(Exercise goal): Only the lines below between the one holding "Now let's see" and the one holding "Go ahead and", inclusive, are to be reproduced word for word; the pictures are to be left out.

(Stored data entries):
######

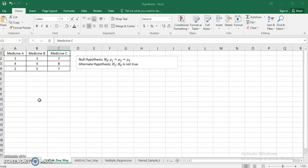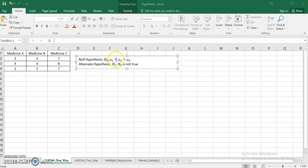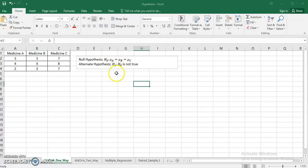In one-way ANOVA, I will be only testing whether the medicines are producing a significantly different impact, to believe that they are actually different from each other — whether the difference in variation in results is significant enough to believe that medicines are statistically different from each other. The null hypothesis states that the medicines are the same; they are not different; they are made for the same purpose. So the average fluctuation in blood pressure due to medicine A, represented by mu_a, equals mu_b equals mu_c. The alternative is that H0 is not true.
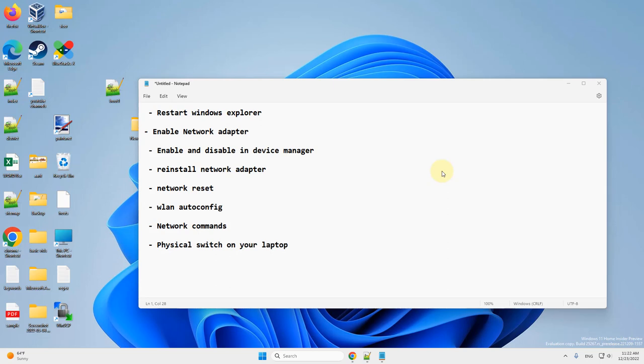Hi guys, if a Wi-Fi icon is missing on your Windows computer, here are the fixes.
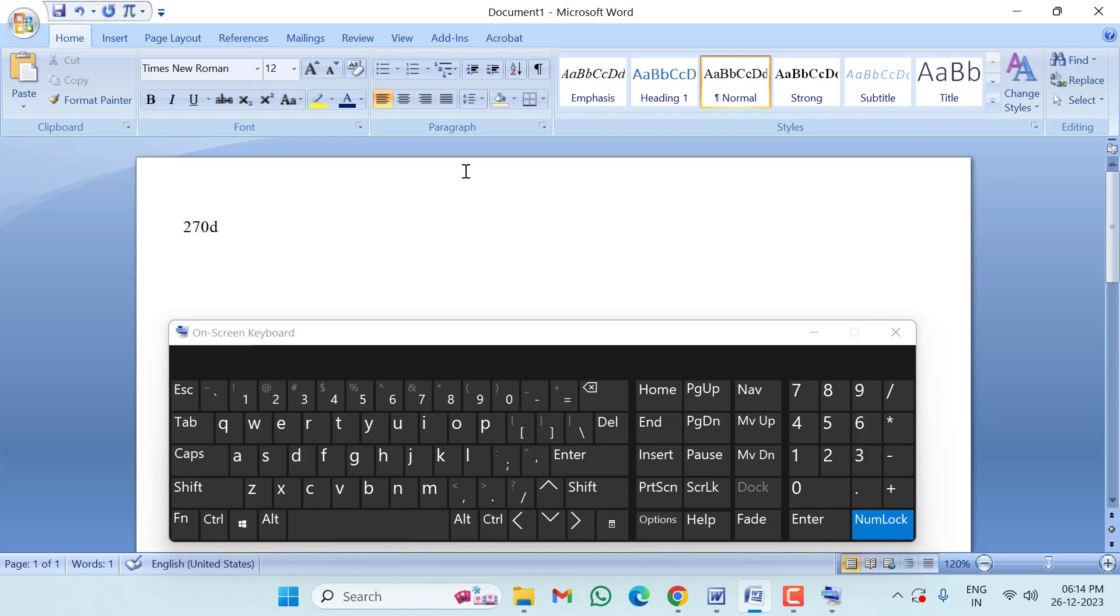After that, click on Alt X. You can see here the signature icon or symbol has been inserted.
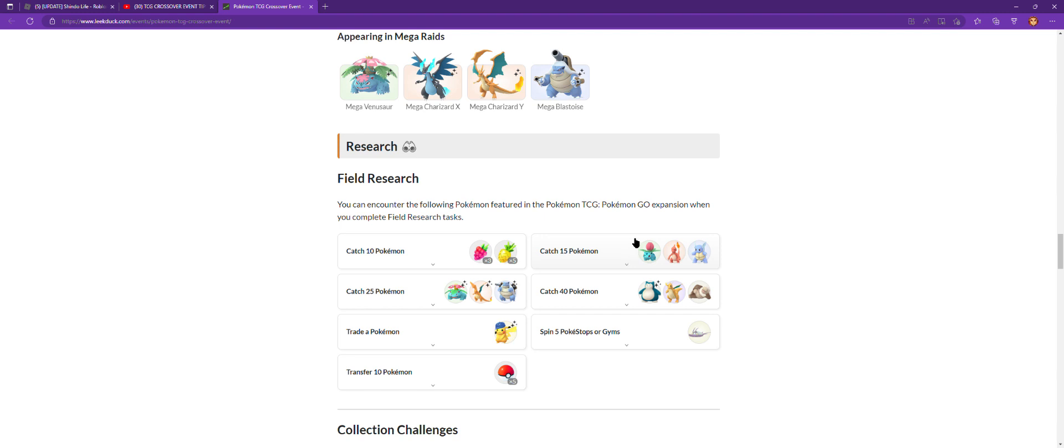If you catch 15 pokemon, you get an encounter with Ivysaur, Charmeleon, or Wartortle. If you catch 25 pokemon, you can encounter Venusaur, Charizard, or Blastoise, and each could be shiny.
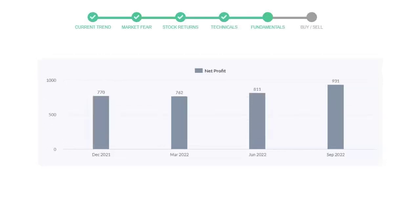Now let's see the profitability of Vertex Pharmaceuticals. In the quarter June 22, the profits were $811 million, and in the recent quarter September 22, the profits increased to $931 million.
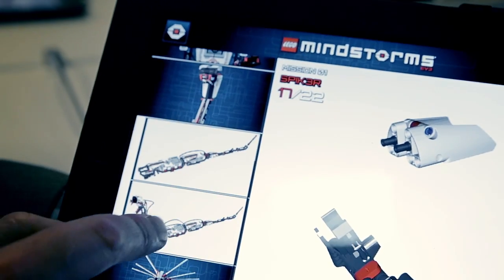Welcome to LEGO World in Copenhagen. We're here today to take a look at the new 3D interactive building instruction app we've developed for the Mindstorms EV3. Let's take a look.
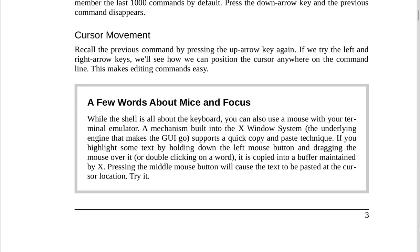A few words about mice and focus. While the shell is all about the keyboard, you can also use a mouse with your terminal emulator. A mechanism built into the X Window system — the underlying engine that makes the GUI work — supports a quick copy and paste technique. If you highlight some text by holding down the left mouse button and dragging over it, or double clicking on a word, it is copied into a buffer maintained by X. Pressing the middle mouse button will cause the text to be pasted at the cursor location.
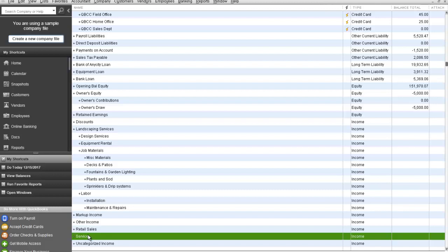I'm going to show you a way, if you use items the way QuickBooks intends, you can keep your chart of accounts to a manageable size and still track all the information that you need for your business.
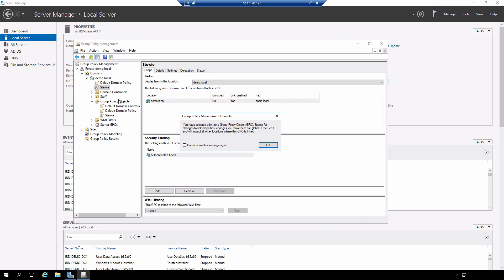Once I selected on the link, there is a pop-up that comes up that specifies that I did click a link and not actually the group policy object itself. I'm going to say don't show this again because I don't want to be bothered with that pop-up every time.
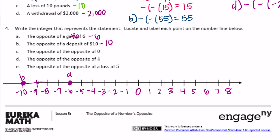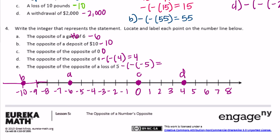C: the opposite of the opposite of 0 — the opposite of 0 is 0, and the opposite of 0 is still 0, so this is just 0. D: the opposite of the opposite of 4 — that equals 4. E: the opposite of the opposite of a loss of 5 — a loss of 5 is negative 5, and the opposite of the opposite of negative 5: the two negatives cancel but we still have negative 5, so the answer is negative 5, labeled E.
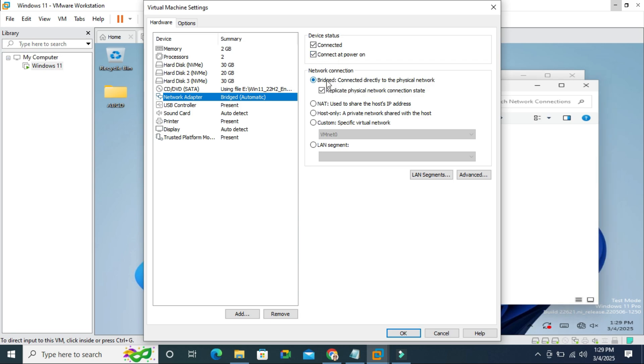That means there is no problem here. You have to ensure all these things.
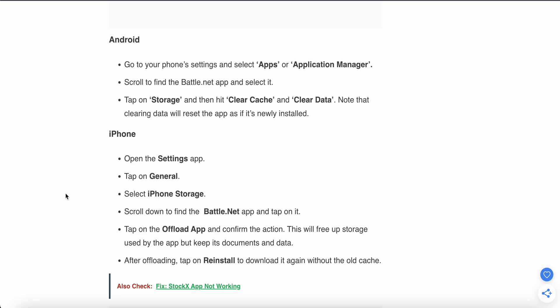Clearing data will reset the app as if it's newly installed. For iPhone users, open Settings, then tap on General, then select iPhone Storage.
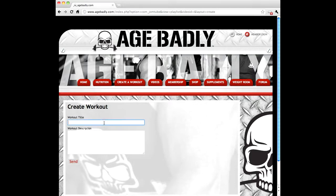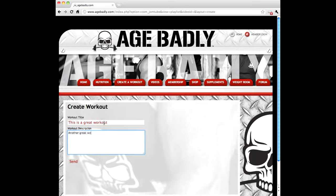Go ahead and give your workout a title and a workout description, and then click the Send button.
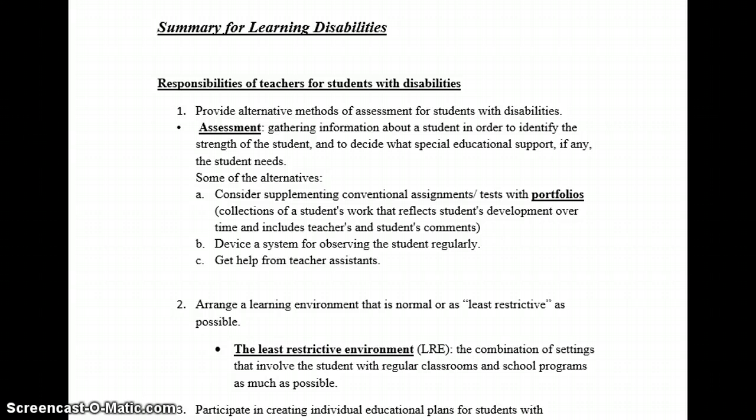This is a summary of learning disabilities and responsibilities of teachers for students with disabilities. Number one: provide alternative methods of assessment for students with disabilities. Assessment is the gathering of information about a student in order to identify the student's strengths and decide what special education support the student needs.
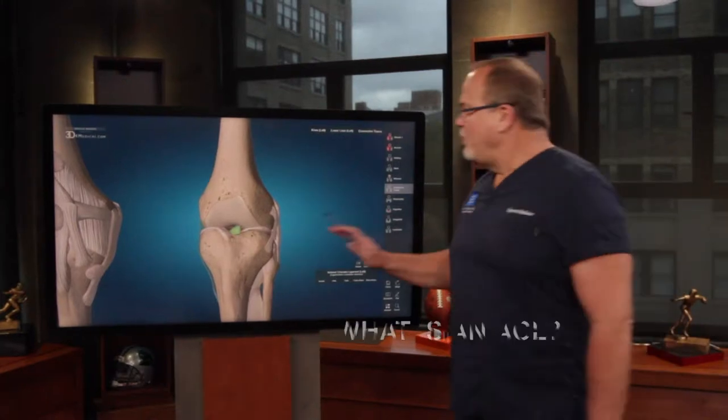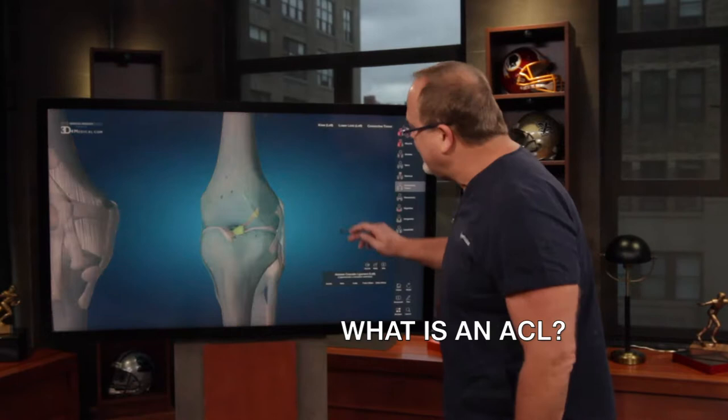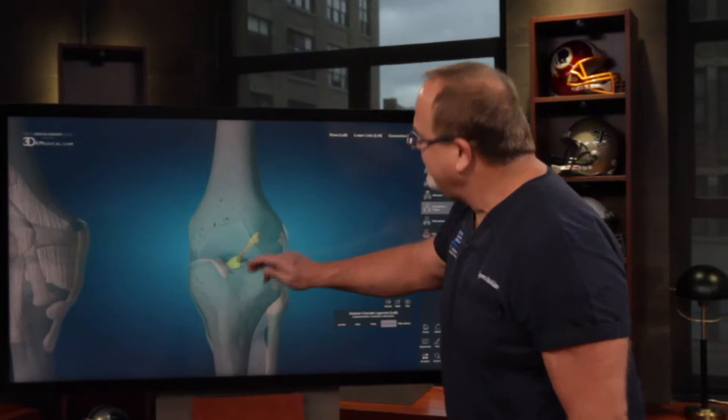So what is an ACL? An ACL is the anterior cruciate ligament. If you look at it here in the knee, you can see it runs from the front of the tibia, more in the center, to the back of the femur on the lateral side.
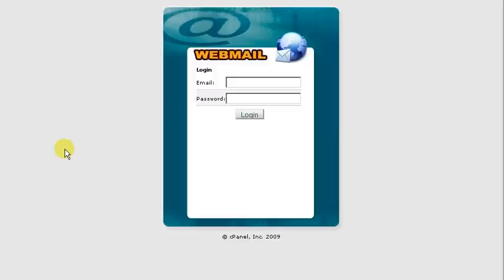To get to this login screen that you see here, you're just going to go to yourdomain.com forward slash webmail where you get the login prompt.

######

(Completed task):
Now let's see the profitability of Vertex Pharmaceuticals. In the quarter June 22, the profits were $811 million, and in the recent quarter September 22, the profits increased to $931 million.
Welcome to LEGO World in Copenhagen. We're here today to take a look at the new 3D interactive building instruction app we've developed for the Mindstorms EV3. Let's take a look.
A few words about mice and focus. While the shell is all about the keyboard, you can also use a mouse with your terminal emulator. A mechanism built into the X Window system — the underlying engine that makes the GUI work — supports a quick copy and paste technique. If you highlight some text by holding down the left mouse button and dragging over it, or double clicking on a word, it is copied into a buffer maintained by X. Pressing the middle mouse button will cause the text to be pasted at the cursor location.
I'm going to show you a way, if you use items the way QuickBooks intends, you can keep your chart of accounts to a manageable size and still track all the information that you need for your business.
Once I selected on the link, there is a pop-up that comes up that specifies that I did click a link and not actually the group policy object itself. I'm going to say don't show this again because I don't want to be bothered with that pop-up every time.
C: the opposite of the opposite of 0 — the opposite of 0 is 0, and the opposite of 0 is still 0, so this is just 0. D: the opposite of the opposite of 4 — that equals 4. E: the opposite of the opposite of a loss of 5 — a loss of 5 is negative 5, and the opposite of the opposite of negative 5: the two negatives cancel but we still have negative 5, so the answer is negative 5, labeled E.
That means there is no problem here. You have to ensure all these things.
Clearing data will reset the app as if it's newly installed. For iPhone users, open Settings, then tap on General, then select iPhone Storage.
Go ahead and give your workout a title and a workout description, and then click the Send button.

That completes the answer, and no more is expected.